The listing below should be reproduced precisely, except for its images.

DATA SECTION —

☆ ☆ ☆

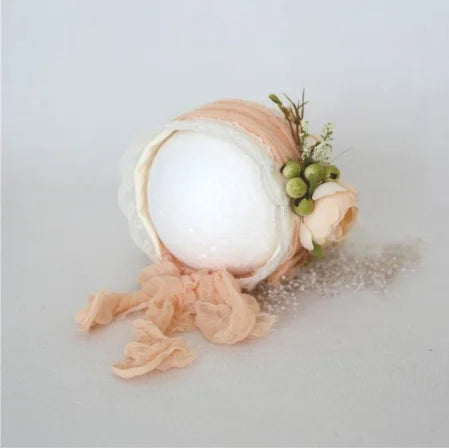 Vintage Newborn Floral Bonnet Baby girl Hat For Photography Knitted Newborn Garden Flower Bonnet For Photo Shoot Props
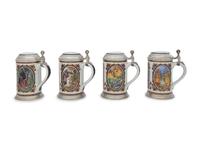 A Set of Four Villeroy & Boch Porcelain Steins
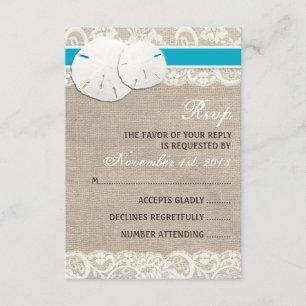 Strand Rustieke Burlap Lace RSVP-kaart - Malibu RSVP Kaartje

☆ ☆ ☆

YOUR SOLUTION —
 Vintage Newborn Floral Bonnet Baby girl Hat For Photography Knitted Newborn Garden Flower Bonnet For Photo Shoot Props
 A Set of Four Villeroy & Boch Porcelain Steins
 Strand Rustieke Burlap Lace RSVP-kaart - Malibu RSVP Kaartje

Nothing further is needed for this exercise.